The spontaneous fractures caused by Fosamax didn’t begin appearing until the drug had been on the market for five years. And these fractures aren’t the only significant bone problems linked to the drug. Cases of osteonecrosis (literally “bone death”) of the jaw, a painful condition where jaw bones become exposed, were reported by people taking Fosamax. In 2013, Merck agreed to pay $27.7 million to settle 1,140 lawsuits from individuals who alleged that Fosamax caused them to develop this condition.
Pharmaceutical companies have the best access to reports of adverse events, and they pay attention to updating drug labels as an important patient-protection safeguard.
When Merck applied to the FDA for a label change to reflect these fractures, the FDA rejected its request. Why? Because Merck described them as stress fractures, which are minor and quite different from far more serious spontaneous fractures. A stress fracture is an incomplete bone break that is generally treated by rest and inactivity. A spontaneous fracture is a complete break that occurs in a seemingly normal bone without any trauma and must often be repaired with surgery.
Although drug companies are responsible for updating labels, the FDA can require updates. In 2010, the FDA convened a panel to review the increasing number of reports of Fosamax-related spontaneous fractures. After reviewing the research, the panel found a clear connection between Fosamax and spontaneous thigh bone fractures. The FDA then ordered Merck to change the label.
Women Suing Merck Claim Drugmaker Failed to Warn Them
The women suing Merck claim that the company failed to warn them about a known adverse event. Merck is claiming that the FDA did not allow the company to change the label, making it impossible for Merck to warn women or their doctors.
If Merck prevails, the disingenuous tactic it used for Fosamax could be replicated by other pharmaceutical companies and have far-reaching effects.

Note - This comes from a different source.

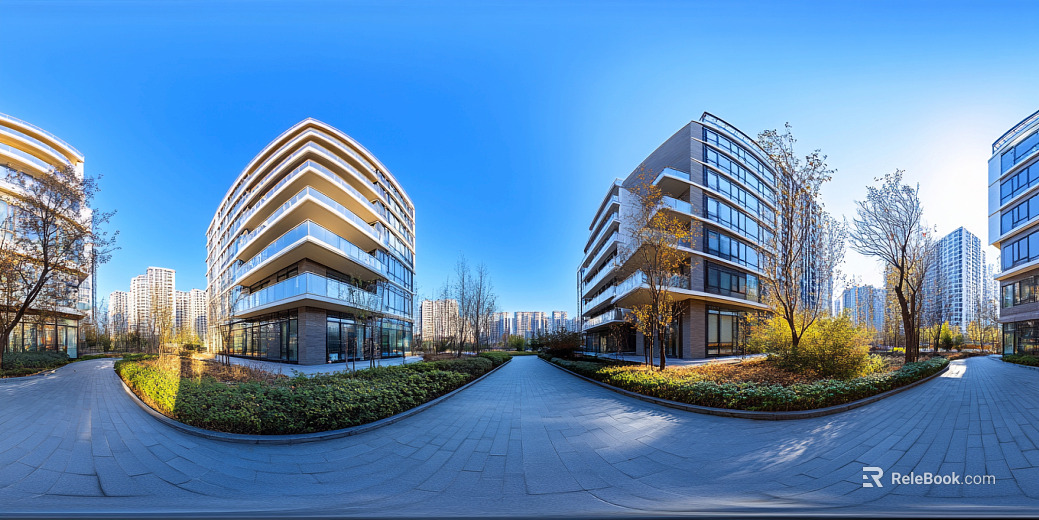 HDR modern cell daytime panorama texture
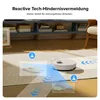 A robot vacuum cleaner is shown on a rug, with visual overlays indicating its obstacle avoidance technology. Produktbild-Vorschau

Suppose a pharmaceutical company discovers that one of its drugs causes a serious adverse event. The company files an application for a change to the drug label, but knowingly designs the change so the FDA won’t accept it — either by minimizing the risk of the adverse event or by not accurately reflecting the risk. The drug company could then claim it isn’t liable for not warning consumers about that adverse event because the FDA denied the label change.
If the Supreme Court allows drug companies to circumvent the law this way — which is what Merck is attempting to do in this case — it would remove the motivation for pharmaceutical companies to provide the FDA with timely and transparent information.

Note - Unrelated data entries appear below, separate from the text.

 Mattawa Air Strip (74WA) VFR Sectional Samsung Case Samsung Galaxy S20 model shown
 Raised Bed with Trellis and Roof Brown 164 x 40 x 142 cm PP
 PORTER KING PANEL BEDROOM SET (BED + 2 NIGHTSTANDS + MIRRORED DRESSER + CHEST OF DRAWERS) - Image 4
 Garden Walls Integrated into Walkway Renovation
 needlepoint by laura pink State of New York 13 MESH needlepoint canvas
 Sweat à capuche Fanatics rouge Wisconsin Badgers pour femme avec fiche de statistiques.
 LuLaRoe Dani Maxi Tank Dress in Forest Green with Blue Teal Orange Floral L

MedShadow Foundation is a small nonprofit with limited resources. Yet we have taken on the costly and time-consuming process of filing an amicus brief because we believe that pharmaceutical companies cannot be allowed to obscure the risks, side effects, and adverse events of drugs — or exaggerate their benefits.

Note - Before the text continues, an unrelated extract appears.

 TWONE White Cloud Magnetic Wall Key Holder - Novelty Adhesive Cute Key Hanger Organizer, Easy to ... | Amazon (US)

The foundation’s mission is to protect quality of life by ensuring that people have all the known information about side effects before deciding to take a prescription or over-the-counter drug. Today, pharmaceutical companies are motivated to reveal previously unknown risks and warn the medical community so they can’t be sued for damages. The FDA and the law must maintain that obligation to protect people from unnecessary harm.
There will always be some risk with medicines, but consumers have the right to all the information about benefits and risks of drugs — whenever that information is discovered — so they can make informed decisions about their health and well-being.